New report a circuit breaker providing policymakers a fact-based analysis of global cabotage laws


The International Transport Workers’ Federation (ITF) welcomes the release of the new Seafarers’
Rights International report – Cabotage Laws of the World – a ground-breaking analysis of maritime
cabotage laws around the world.

The study, commissioned by the ITF, provides the first independent analysis of maritime cabotage
laws since 1992. Based on legislation and advice received from 140 countries, the SRI report reveals
that 91 countries representing 80 percent of the world’s coastal UN Maritime States have cabotage laws restricting foreign maritime activity in their domestic coastal trades.

The ITF and its affiliates have been campaigning globally to underline the importance of national
cabotage laws and the value of having domestic jobs in national waters, as well as domestic
employment conditions for foreign seafarers in cases where national seafarers are not available.

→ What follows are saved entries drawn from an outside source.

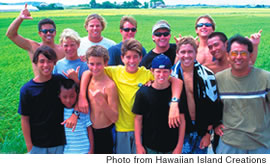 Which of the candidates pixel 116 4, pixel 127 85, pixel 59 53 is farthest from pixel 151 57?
pixel 116 4

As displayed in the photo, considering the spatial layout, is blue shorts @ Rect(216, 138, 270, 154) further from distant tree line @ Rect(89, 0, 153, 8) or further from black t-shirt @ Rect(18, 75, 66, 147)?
distant tree line @ Rect(89, 0, 153, 8)

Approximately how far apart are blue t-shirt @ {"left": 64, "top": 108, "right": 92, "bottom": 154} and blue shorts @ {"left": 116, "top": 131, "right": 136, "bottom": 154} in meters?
0.40

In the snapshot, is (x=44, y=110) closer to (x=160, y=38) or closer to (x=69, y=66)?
(x=69, y=66)

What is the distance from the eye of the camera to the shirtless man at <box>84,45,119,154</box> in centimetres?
325

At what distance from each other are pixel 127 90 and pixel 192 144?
1049 mm

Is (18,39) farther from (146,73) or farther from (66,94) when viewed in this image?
(146,73)

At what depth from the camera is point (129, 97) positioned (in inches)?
130

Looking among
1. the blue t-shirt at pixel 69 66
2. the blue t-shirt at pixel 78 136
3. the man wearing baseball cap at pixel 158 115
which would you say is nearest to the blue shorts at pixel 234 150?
the man wearing baseball cap at pixel 158 115

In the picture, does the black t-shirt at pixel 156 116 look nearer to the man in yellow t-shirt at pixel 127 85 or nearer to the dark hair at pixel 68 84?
the man in yellow t-shirt at pixel 127 85

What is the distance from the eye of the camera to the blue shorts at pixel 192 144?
3.32 meters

ITF Seafarers’ Section Chair, David Heindel said today: “The lack of accurate facts on cabotage laws
around the world has been an impediment for policymakers considering implementing cabotage
laws. This report represents a circuit breaker, providing policymakers with the relevant facts for
proper decision-making.”

“The SRI report debunks the myth that cabotage is an exception, not the rule. Laws governing
maritime activity are widespread, currently existing in 91 countries covering 80% of the world’s
coastlines of UN Maritime States.”

“We know there are a number of countries considering introducing, strengthening or diminishing
cabotage regulation. This report will assure those governments that it makes sense to enforce
national cabotage laws.”

According to the report, cabotage laws are commonplace and geared towards protecting local
shipping industries, ensuring the retention of skilled maritime workers and preservation of maritime
knowledge and technology, promoting safety and bolstering national security.

James Given, Chair of the ITF Cabotage Task Force said today: “The benefits of cabotage laws are self-evident. For countries that depend on the sea for their trade, cabotage safeguards their own
strategic interests as maritime nations, bringing added economic value whilst also protecting
national security and the environment,”

“Cabotage provides jobs for a country’s seafarers and also safeguards foreign seafarers against
exploitation posed by the liberalisation in the global shipping industry, preventing a race to the

“Without strong cabotage rules, local workers often have to compete with cheap, exploited foreign
labour on Flag of Convenience vessels, the owners of which usually pay sub-standard wages and flout safety laws.”

The ITF remains committed to be the leading voice in the worldwide effort to secure strong,
enforceable cabotage laws, that ensure workers have a voice, decent work, and that protect the
environment and nations’ economic and national security.

Cabotage Laws of the World key findings:

• Cabotage is “widespread”, with cabotage laws existing in 91 countries representing 80% of the
world’s coastlines of UN Maritime States.

• Cabotage exists across all political, economic and legal systems.

• Cabotage policy objectives are diverse, designed to: maintain national security, promote fair
competition, develop human capacity, create jobs, promote the shipping industry, promote
safety and security of ships in port, enhance marine environmental protection and/or preserve
maritime knowledge and technology.

• Cabotage laws are diverse with a range of approaches taken by different countries regarding
virtually every aspect of cabotage, with great diversity in the interpretation, administration and
enforcement of cabotage.

• Cabotage laws have endured for centuries, but continue to evolve.

• Cabotage is not subject to a single definition accepted as binding on all states under
international law. Regional and national definitions of cabotage vary widely.